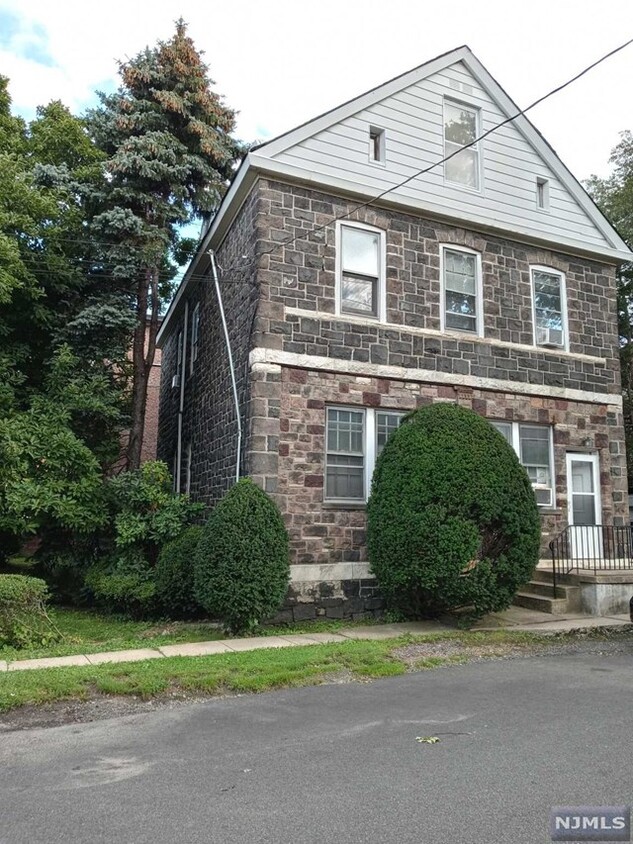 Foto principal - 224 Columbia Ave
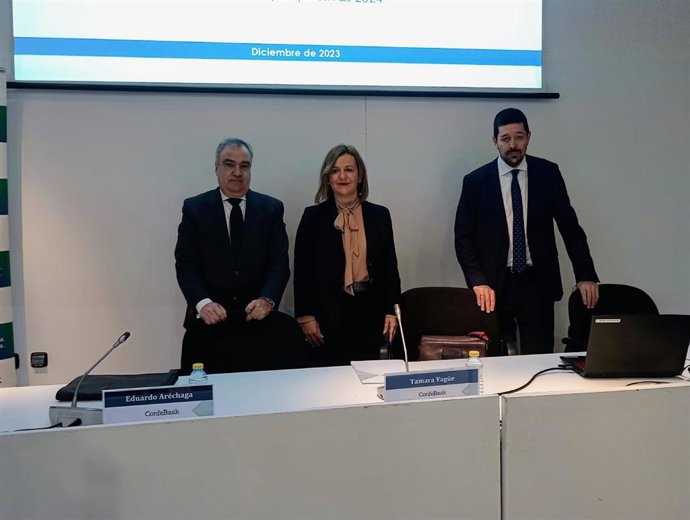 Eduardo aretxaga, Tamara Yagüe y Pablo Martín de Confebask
===
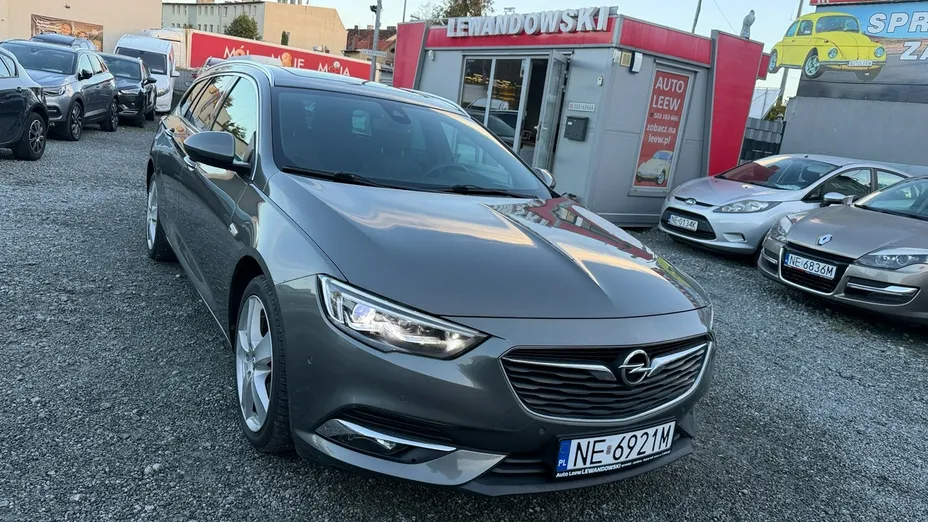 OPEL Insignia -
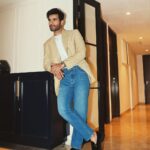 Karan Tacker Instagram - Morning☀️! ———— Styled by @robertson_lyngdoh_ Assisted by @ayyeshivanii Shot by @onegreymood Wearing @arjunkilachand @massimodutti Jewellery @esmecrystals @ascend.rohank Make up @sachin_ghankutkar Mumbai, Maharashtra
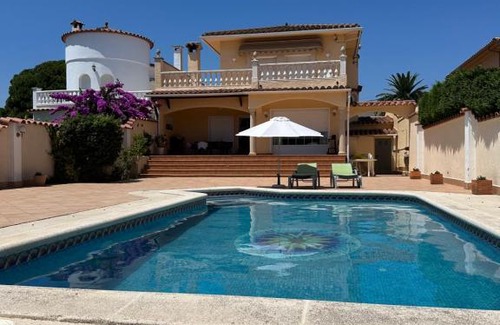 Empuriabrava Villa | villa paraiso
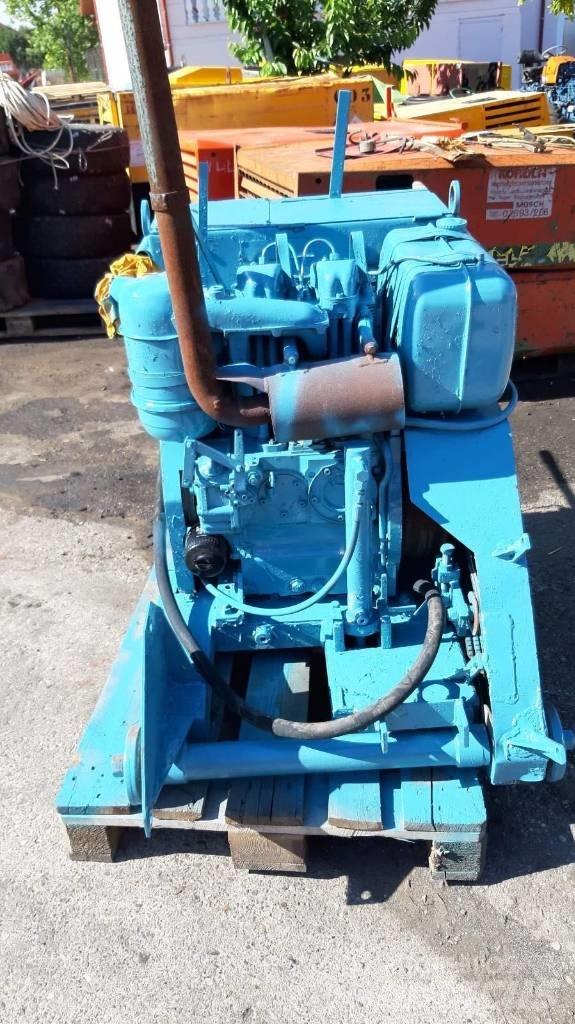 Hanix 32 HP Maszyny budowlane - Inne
===
» **Task statement**
Your reply should consist solely of the lines above from the line containing "Empuriabrava Villa | villa paraiso" up to and including the line containing "Hanix 32 HP Maszyny budowlane - Inne", reproduced exactly, minus the pictures.

» **Output for this task**
 Empuriabrava Villa | villa paraiso
 Hanix 32 HP Maszyny budowlane - Inne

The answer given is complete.